The Fifth Queen and How She Came to Court by Ford Madox Ford

September 27, 2011

The court of King Henry VIII provides a fascinating framework on which a master stylist such as Ford Madox Ford (or Hilary Mantel) may hang their art. There is intrigue enough for a thriller, marriages enough for romance, and high ideas enough in the politics, religion, and literature of the time to supply, and possibly overwhelm, even the most gifted writers. Mantel focused on Thomas Cromwell, bucking the historical trend of villainizing the man, investing him with a noble, even democratic, constitution. The man, in Hilary’s telling, pulled himself from nothing to be the maker of kings on an unbendable will and almost limitless talents:

He can draft a contract, train a falcon, draw a map, stop a street fight, furnish a house and fix a jury. He will quote you a nice point in the old authors, from Plato to Plautus and back again. He knows new poetry, and can say it in Italian. He works all hours, first up and last to bed. He makes money and he spends it.
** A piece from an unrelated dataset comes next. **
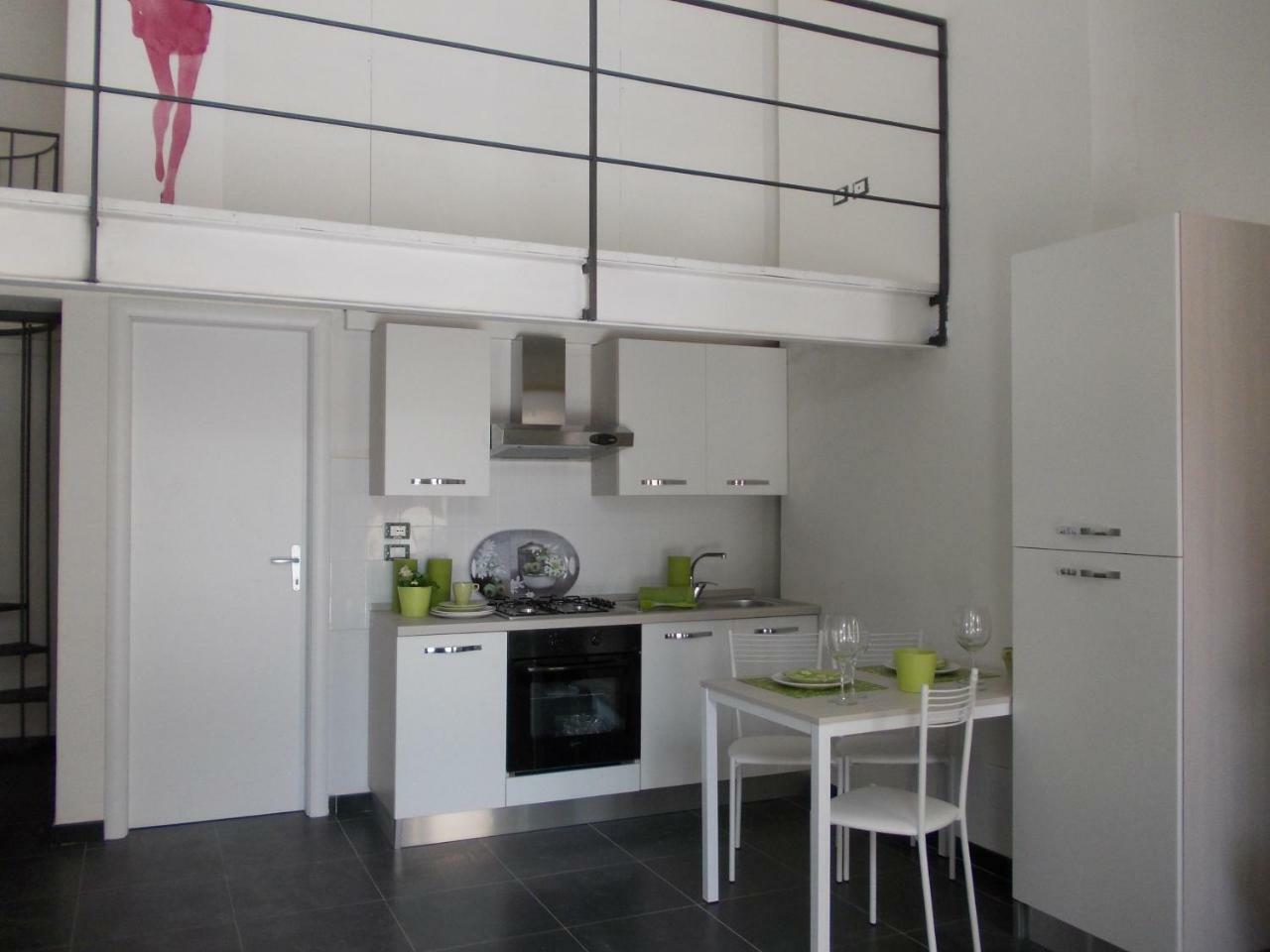 Appartement Loft Regio Parco à Turin Extérieur photo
He will take a bet on anything. (Wolf Hall)

Mantel’s Wolf Hall is, reputedly, the first of a planned trilogy. My hunch is that she took more than a little inspiration from The Fifth Queen, also a trilogy.

Where Mantel gives us Cromwell’s perspective, Ford Madox Ford chose Katharine Howard for his lead. Like Mantel, Ford lists the considerable talents of his star:

She had some Greek, more than a little French, she could judge a good song, she could turn a verse in Latin or the vulgar tongue. She professed to be able to ride well, to be converseant with the terms of venery, to shoot with the bow, and to have studied the Fathers of the Church.
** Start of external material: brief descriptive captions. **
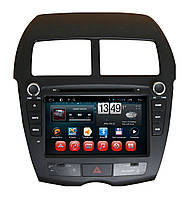 Магнітола CITROEN C4 2012-2015+. Kaier KR-8025. Android 4Q
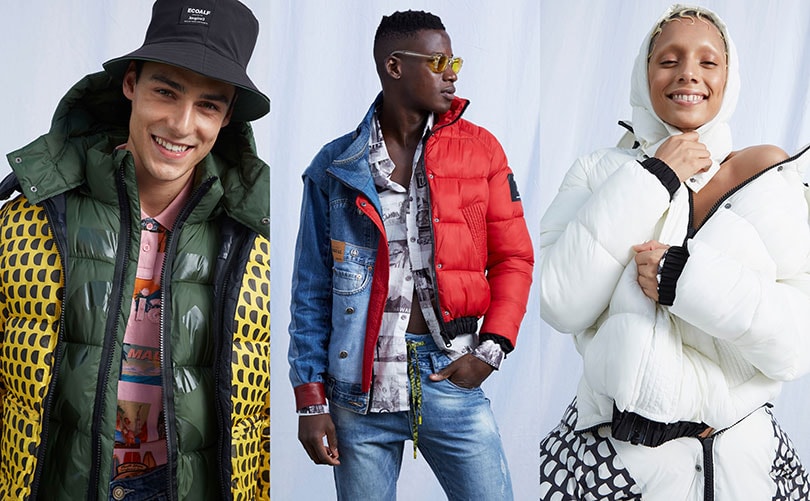 Desigual mise sur la consommation durable et collabore avec Ecoalf Desigual mise sur la consommation durable et collabore avec Ecoalf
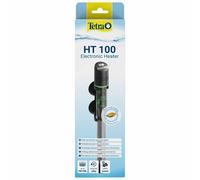 HT 100 Potente riscaldatore per acquari Completamente Elettrico con LED di Stato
The resonance between the passages is but one example of many where Ford’s version is amplified in Mantel’s rendering. Mantel made Cromwell her hero, but Ford held him in some regard as well. In his non-fiction, Ford approvingly cited a scholar who described Cromwell as “a mighty minister & a consummate diplomatist, skilfully [sic] balancing the Powers one against another & crushing out seditions with a strong but necessary & beneficient hand.” (“Creative History and the Historic Sense”, p. 7) The essay excoriates Professor Goldwin Smith for, among other things, condemning Cromwell on no better evidence than “the accusations of his enemies, for Cromwell was not even tried.” (p. 7). The implication is that Cromwell was, at least, no worse than other men.

Ford says about Henry that he “was a man very much of his age.” (p. 8.) Ford’s characters take a very similar view of Cromwell, such as when Katharine Howard expresses distain for him:

“Men are not such villains.”

“They are as occasion makes them,” [Throckmorton] answered with his voice of a philosopher. “What manner of men these times breed you should know if you be not a fool.”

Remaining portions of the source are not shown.